Телефон работал, но шипел страшно и помехи выдавал через каждое слово. Кое-как Усопп смог объяснить администратору гостиницы (номер предусмотрительно записал в блокнот), куда должны были заселить всю группу, что потерялся и очень хочет вернуться к остальным. Водитель автобуса неохотно согласился приехать, но заявил, что быстро не обещает – дороги, мол, ночью дождём размыло. Усопп не помнил шума дождя, но решил, что им там виднее.
─ Спасибо, вы мне просто жизнь спасли!
Лицо старосты неуловимо помрачнело. Он нахмурился, а Усопп запоздало вспомнил, что у человека, вообще-то, горе.
─ Я могу вам чем-нибудь отплатить? ─ осторожно поинтересовался он. ─ Крышу починить или крыльцо, я умею.
─ Нет, для физической работы у нас есть люди, ─ отказался Михоук, так его представил Хогбак. ─ Разве что… Впрочем, нет, забудь. Это наша беда, мы сами справимся.
Холодок пробежал вдоль позвоночника вверх и поселился почему-то в глазах. Они заболели и начали ныть, словно их давили пальцами изнутри. Усопп моргнул, смахивая выступившие слёзы, и тихо уточнил:
─ Эта беда связана с вашей дочкой?
Хогбак всплеснул руками и влез вперёд старосты, стал причитать и заламывать пальцы. Из его охов и ахов Усопп понял, что по местным обычаям по убитой обязательно нужно отпеть три ночи молитвы, иначе не будет её душа знать покоя. В принципе, логично, согласился Усопп, вспоминая всё, что когда-либо читал о религии и всякой чертовщине. Не отпетых людей и самоубийц даже на освещённом кладбище не хоронили. И кол осиновый им в грудь вбивали.
─ И чем я-то помогу? ─ удивился и взглянул на молчавшего всё это время Михоука. ─ Молитв не помню, не священник, разве что портрет нарисовать могу, да зачем он вам?
─ Но человек ты хороший, ─ не то похвалил, не то пригрозил вдруг староста. ─ Не станешь отказываться от своего слова. Не надо молитв, ─ сказал он с заминкой, ─ просто посиди у гроба, подумай что-нибудь светлое.

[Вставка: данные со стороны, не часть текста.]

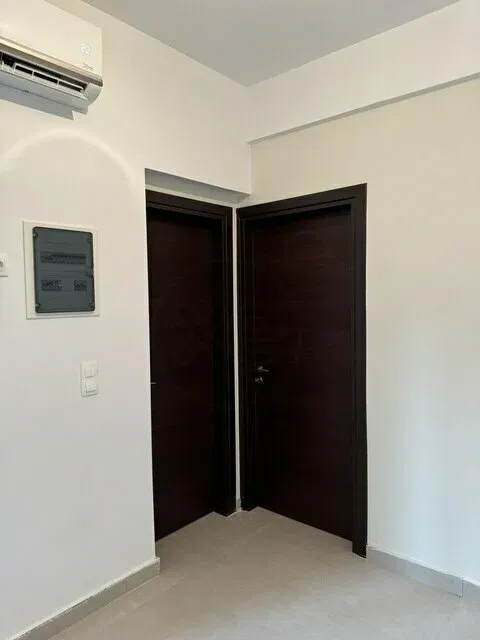 33 m² Renovated One-Bedroom Apartment for Sale in Center Athens, Athens Center — photo 4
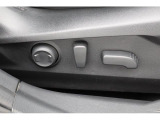 運転席パワーシート 電動シート採用で細かい微調整ができ、ドライビングポジションにしっかり合わせることで疲労軽減や事故防止につながります♪♪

Ты не знал моей дочери, зла о ней, как многие, думать не будешь.
─ Так она же… это… Как ангел, ─ вяло попытался уклониться от сомнительной чести Усопп, ища в Хогбаке поддержки. ─ Вы мне сами говорили! Кто о ней что плохое думает?
─ Думают, ─ отрезал Михоук, а Хогбак, мерзко ухмыльнувшись, сделал вид, будто намёков и молящих взглядов не понимает. ─ По деревне давно слухи ходят, будто дочь моя ─ ведьма.
─ Что за чушь! ─ скривился Усопп. ─ Ведьм не бывает.
─ Ты это им скажи, ─ вздохнул староста и вдруг как будто постарел лет на десять. У него взгляд стал уставший и пыльный, а в чёрных прилизанных волосах Усопп заметил редкие седые волоски. ─ Знай, я ни к чему тебя не принуждаю. Но буду рад, если ты поможешь.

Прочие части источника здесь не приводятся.